Foundation backs university’s goal to improve science education
Posted on Tuesday, September 30, 2008
FAYETTEVILLE — The University of Arkansas’ flagship campus has landed a nearly $ 7 million National Science Foundation grant designed to improve science education in elementary and secondary schools.
The $ 6, 988, 927 grant will allow UA’s Fayetteville campus, in partnership with the University of Arkansas at Fort Smith’s College of Education, to work with 33 school districts in Arkansas and Oklahoma, said Lynn Fisher, spokesman for the Fayetteville campus’ J. William Fulbright College of Arts and Sciences.
The universities will help teachers in kindergarten through 12 th grade prepare students for college-level courses in physics and other sciences, technology, engineering and math.
The initiative is called “College Ready In Math and Physics Partnership.” “Through such a concentrated outreach effort, we hope to help increase retention and graduation rates from high school through college,” William Schwab, Fulbright College’s interim dean, said in a statement.
UAFS’ portion of the grant totals $ 928, 315, said its spokesman, Sondra LaMar.
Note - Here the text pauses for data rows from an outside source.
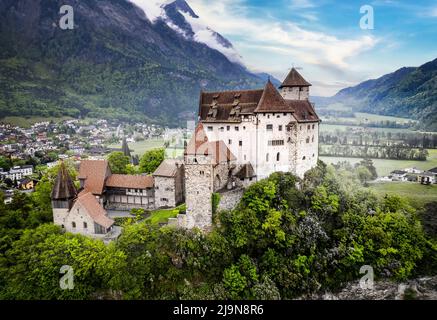 Schöne mittelalterliche Burgen Europas - imposantes Gutenberg in Liechtenstein, Grenze zur Schweiz, umgeben von Alpenbergen, Luftbild Stockfoto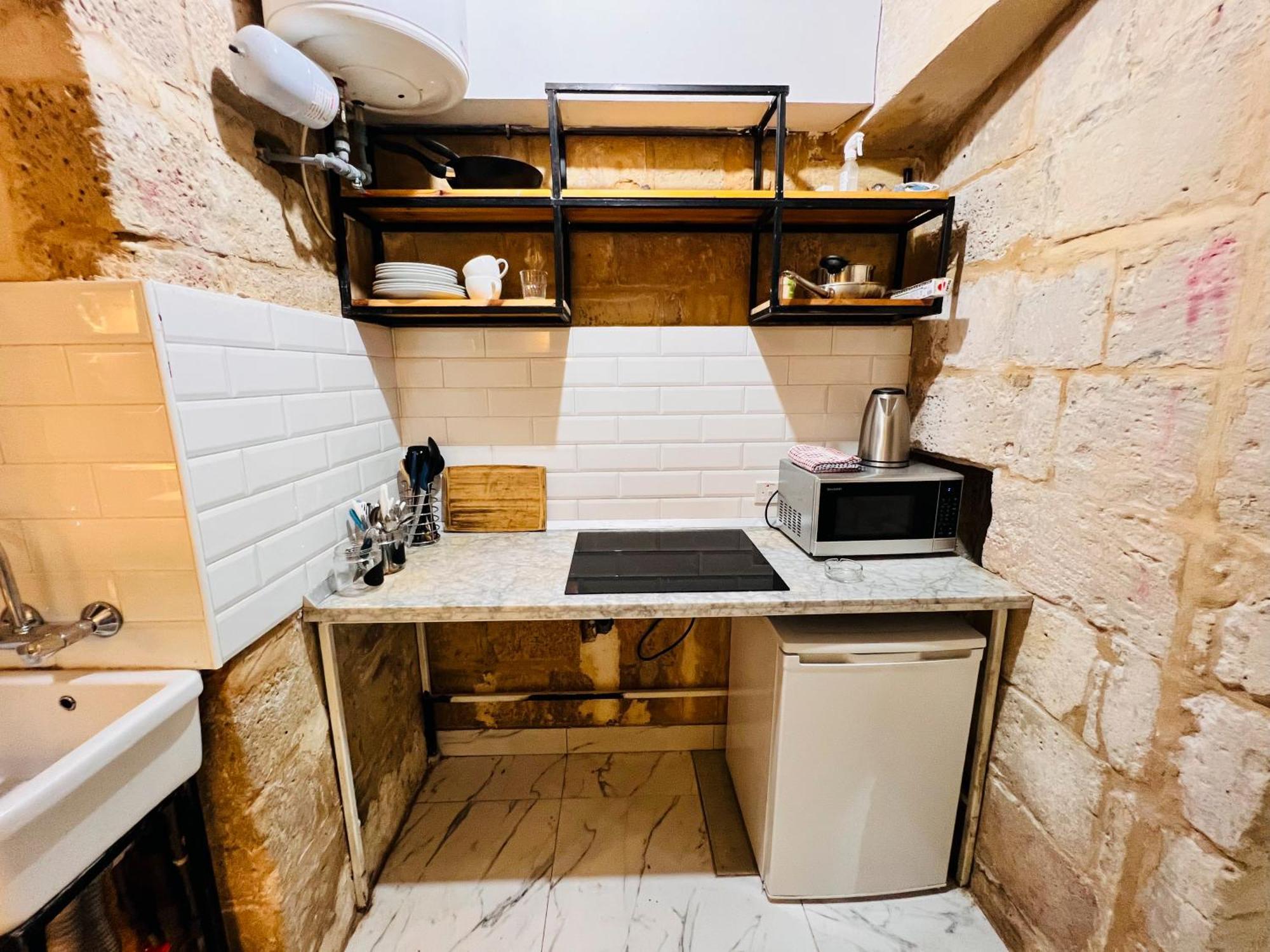 Charming Townhouse Prime Area Valletta Apartment ภายนอก รูปภาพ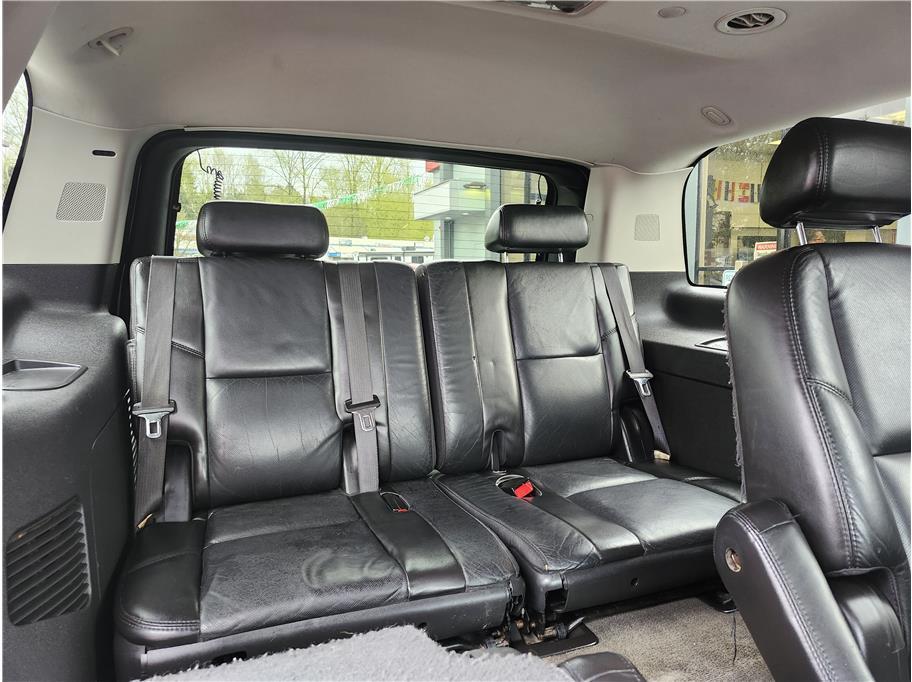 used 2007 Cadillac Escalade car, priced at $7,990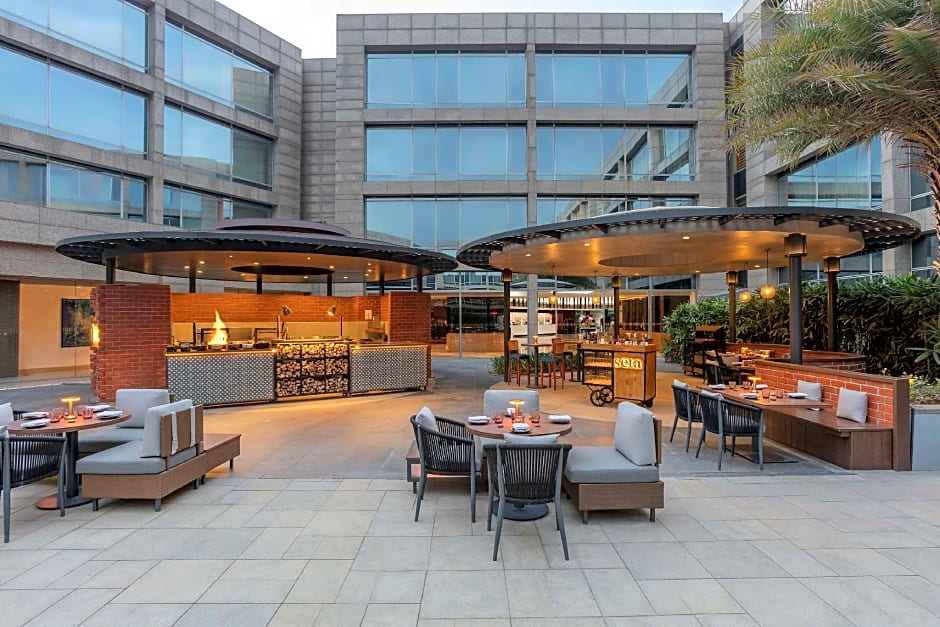 Hilton Bangalore Embassy Golflinks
The program leader is Gay Stewart, associate professor in Fulbright’s physics department, along with Bernard Madison, professor in Fulbright’s math department.
Kathy Scheibel, assistant director for UA-Fayetteville’s research support and sponsored programs office, said the National Science Foundation grant is the largest for any of the campus’s academicians or researchers so far this fiscal year.